The country’s higher education system seems ripe for tech industry disruption. Student debt is out of control. Graduation rates are unacceptably low. And employers still can’t find enough new recruits with the training they’re looking for, CNN Money reports.

Enter online learning. Specifically, Massive Open Online Courses, or MOOCs, have been heralded as a savior for students disadvantaged by an inefficient, often rigid, and increasingly pricey higher ed system.

The cost advantage of recording one lecture and broadcasting it to thousands of students regardless of location is undeniable. And the potential social benefits are huge. Andrew Ng, founder of leading MOOC-maker Coursera, said in a recent interview with Fortune he hopes the flexibility and practicality of free courses on-demand will make “a great education a fundamental human right.”

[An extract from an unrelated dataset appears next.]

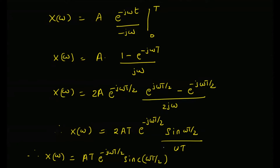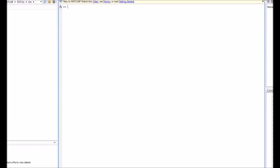Now let us look at the magnitude spectrum and the phase spectrum of this Fourier transform using MATLAB. We define a vector ω from −π to +π. We then compute the Fourier transform as X(ω) = exp(−jω/2) · sinc(ω/2), where we assume T = 1 and both a and T are equal to 1.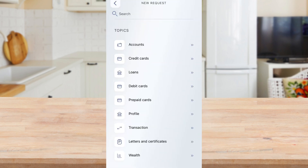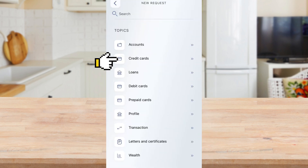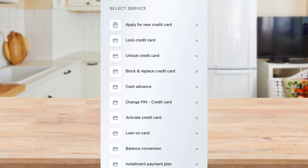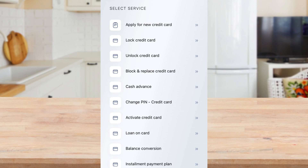Click on credit cards and choose block and replace credit card for a permanent block. Select the card you wish to block. You can either wait until you receive the new card or block the card immediately, depending on your preference. Update the card replacement details.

There’s plenty of interest so far: Coursera raked in $43 million in Series B funding in July and has more than 80 universities and other institutions offering courses on its platform, broadcasting to millions of students.

The top three MOOC-makers — Coursera, Udacity, and EdX — all appear on the cusp of convincing major institutions to offer some of their courses for credit. Cue many, many articles expressing deep angst that the traditional on-campus learning environment as we know it could cease to exist.

Though they may yet wreak havoc on brick and mortar institutions (particularly on expensive middle-tier liberal arts schools offering no clear route to employment), online education seems to be a ways away from becoming the terrifying disruptor many thought it would be.